Nothing should be left out: output all of the entries exactly.

Collected data entries:
***

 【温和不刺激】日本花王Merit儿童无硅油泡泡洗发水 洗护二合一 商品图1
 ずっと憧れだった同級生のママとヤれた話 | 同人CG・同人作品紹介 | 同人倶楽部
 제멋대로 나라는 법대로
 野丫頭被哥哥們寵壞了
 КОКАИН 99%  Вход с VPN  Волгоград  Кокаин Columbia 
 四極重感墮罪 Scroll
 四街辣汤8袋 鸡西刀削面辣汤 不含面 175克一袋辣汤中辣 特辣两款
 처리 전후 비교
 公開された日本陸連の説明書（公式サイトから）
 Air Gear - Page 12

***

» **EXERCISE SOLUTION**:
 【温和不刺激】日本花王Merit儿童无硅油泡泡洗发水 洗护二合一 商品图1
 ずっと憧れだった同級生のママとヤれた話 | 同人CG・同人作品紹介 | 同人倶楽部
 제멋대로 나라는 법대로
 野丫頭被哥哥們寵壞了
 КОКАИН 99%  Вход с VPN  Волгоград  Кокаин Columbia 
 四極重感墮罪 Scroll
 四街辣汤8袋 鸡西刀削面辣汤 不含面 175克一袋辣汤中辣 特辣两款
 처리 전후 비교
 公開された日本陸連の説明書（公式サイトから）
 Air Gear - Page 12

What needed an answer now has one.